Selain itu, Emblek juga tahu kalau pipis dan buang kotoran selalu di kamar mandi. Hebat kan??

Sayangnya Emblek mati karena shock dikejar-kejar oleh anjing liar. Sedih sekali padahal si Nenek sayang sekali sama Emblek.

Nah,
karena Kak Icha dan Abang Jaja bersikeras memilih warna putih akhirnya
kita beli juga meski sebenarnya kelinci putih lebih rentan sakit
dibandingkan yang hitam. Kak Icha memberi nama kelincinya "Barbie" dan
Abang Jaja memberi namanya "Robot".

Tapi, baru dua hari si Robot kekilangan nafsu makan dan hari berikutnya
sekarat dan meninggal. Sedih sekali dan akhirnya kita mengubur Robot di
halaman depan rumah.

Karena
kelincinya tinggal satu ekor, Mamah memutuskan mengganti nama Barbie
jadi si Whitey (Waiti). Maksudnya agar kelinci itu tidak hanya menjadi
milik Kak Icha saja tapi juga Abang Jaja dan semua keluarga. Entah
kenapa, nama Whitey (Waiti) lama-lama jadi Woti dan akhirnya kita semua
malah memanggil kelinci putih peliharaan itu dengan nama Woti.
Si
Woti memang belum sepintar Emblek, karena masih suka pipis dan buang
kotoran sembarangan. Ini yang bikin si Nenek karena rumah jadi bau pipis
kelinci yang pesing.

Soal makanan sepertinya Woti tipikal pembosan, karena kalau
terus-terusan di kasih kangkung dan wortel malah mogok makan, yang ada
malah makan daun mangga kering. Bikin khawatir aja jadinya. Malah waktu
kupas mangga, si Woti malah makan kulit mangga dengan lahap, alhasil
besoknya Woti gak makan apa-apa dan wajahnya jadi murung gitu. Kita
semua menduga, jangan-jangan Woti sakit perut gara-gara kulit mangga
itu, padahal manis loh mangganya.

Yang
bikin heboh adalah kemarin. Malam hari, saat Mamah mau beli kangkung di
pasar untuk Woti. Kak Icha teriak memanggil Mamah dan Papah. Ternyata
si Woti seluruh wajahnya terutama mulut dan hidung penuh dengan darah
segar. Mamah juga ikutan teriak memanggil Tante Novi. Tante Novi ini
sayang banget sama Woti. Ternyata si Woti makan lintah. Dan Lintahnya
langsung menghisap darah Woti. Si Woti pintar karena lintahnya langsung
digigit dan terbelah. Jadi darah di tubuh lintah itu muncrat membasahi
wajah Woti. Tante Novi langsung mengambil sisa-sisa lintah yang masih
menempel di mulut dan hidung Woti. Kejadian ini bikin kita semua sedih
terutama Kak Icha yang daritadi nangis terus.
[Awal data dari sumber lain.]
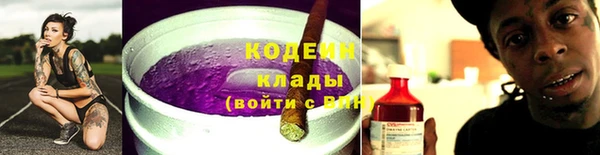 стаф Арсеньев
Abang Jaja sedih tapi sepertinya agak cuek. Malah Abang Jaja bilang
"Mah, kalo kelincinya mati, kita beli yang baru ya?". Whoaa...

Ampun deh!
Senang
juga punya hewan peliharaan apalagi pas kena musibah seperti ini,
membuat kita bertambah sayang dan lebih peduli dalam merawat Woti.